However, given the way the code calculates the probability matrix ("pr"), I don't think that's what's actually happening. The code correctly generate a range of lambda values and raises each delta to those values ("delta_pows"), creating an array of A hyperparameters for the topic-word combination corresponding to each delta. The code also calculates the norm vector and multiplies each probability calculation (whether in "Populate_prob" or "Calculate_phi") by that weight.
So far, so good. The problem, I think, is that the code makes a single count for each word for each known topic ("n_w[t]"). It then multiplies this count by each of the delta^lambda values for each topic-word combination (by default, 5 of them), weights the products by the "norm" vector, and sums them all up (I'm leaving out the other terms, for the sake of simplicity, but those, like the topic-word count, are all constant for a given topic-word combination).

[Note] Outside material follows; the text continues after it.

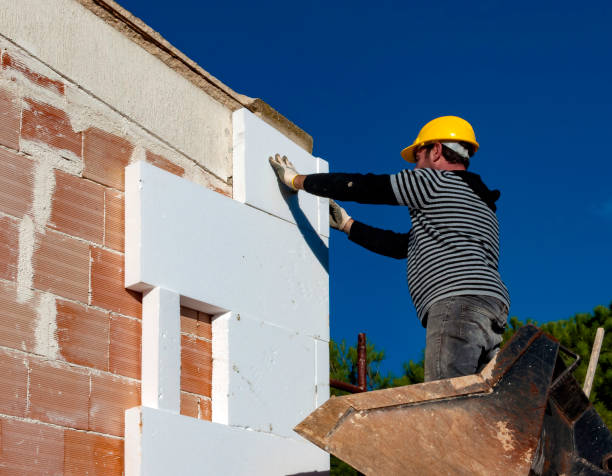Best Specialized Insulation Services in Leslie, MI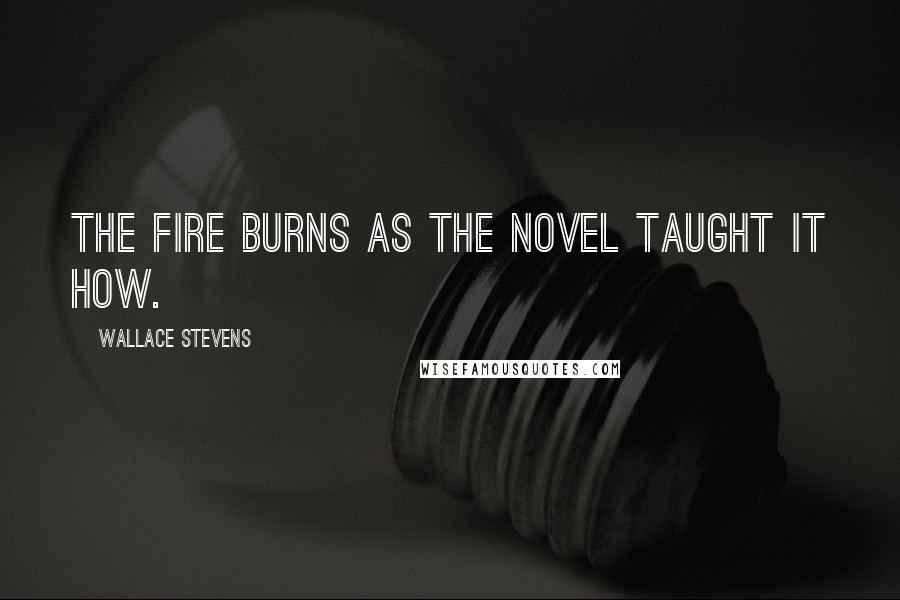 Wallace Stevens Quotes: The fire burns as the novel taught it how.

Mathematically, the result of this is not all that different from using a single value of lambda (equal to mu): because the deltas are raised to the powers of the (5) different lambda values before we take a weighted average, and all of the lambda values are typically less than 1, the values of phi (and the estimates in the "pr" vector) will all be a little larger than they would be with a single value of lambda; for larger deltas, the effect is more pronounced, but it's still not big. It's not quite the same as using a single lambda but it's pretty close.
If you're actually trying to accomplish what I understand that you want to accomplish, the change you'd need to make in the code is to skip the summation step in "Populate_prob", and to pass each of the A individual probability estimates back to "Pop_sample". In effect, you'd treat each topic-lambda combination as a separate topic, and preserve a separate count for each in "n_w" (meaning adding a third dimension to that matrix for the known topics). If everything goes correctly, the word counts for each topic-word combination should increase for the two values of lambda that bracket the true value (or for just one value, if the true value is greater than two standard deviations from the mean), while the counts for other values of lambda should shrink towards 0.

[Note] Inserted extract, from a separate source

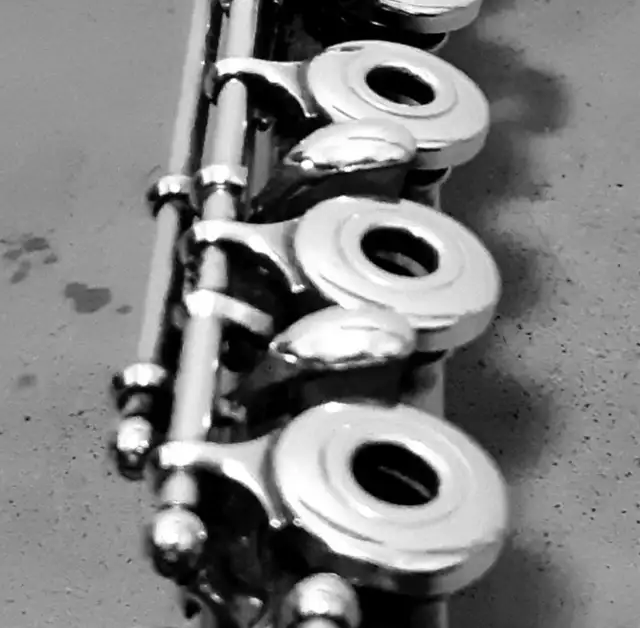 Flute Lessons Online569246278788720642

I do have one other question: given Bayesian assumptions, the larger the corpus, the less the effect of the priors from the knowledge source should be; for an infinitely large corpus, the knowledge source would have no effect at all. Is that intentional? That is, does your model assume that the data will eventually reveal the proper topics, given a large enough corpus, but simply needs a little boost in the beginning, or are you trying to impose a type of order that couldn't be drawn from the data alone? Either objective might be correct for different applications, but which one you pick could influence how you deal with the issue I originally raised (for example, if you want to let the data speak, I'm not sure you need an algorithm to find the right value of lambda, since the effects of the deltas are decreasing even as you're estimating the lambdas they modify).
I think that is a good approach, keeping a count of the normal interval is good as it implies a Dirichlet prior as opposed to a normal one. One of the co-authors initially suggested this method but we inevitably went with a normal prior to simplify the model. The Dirichlet has a lot of computation advantages and is more Bayesian so eventually we will go this direction. Keeping the counts with the model as is and adding another dimension to the known topics is fine as well though if I understand it correctly I think it would work out to be the same thing.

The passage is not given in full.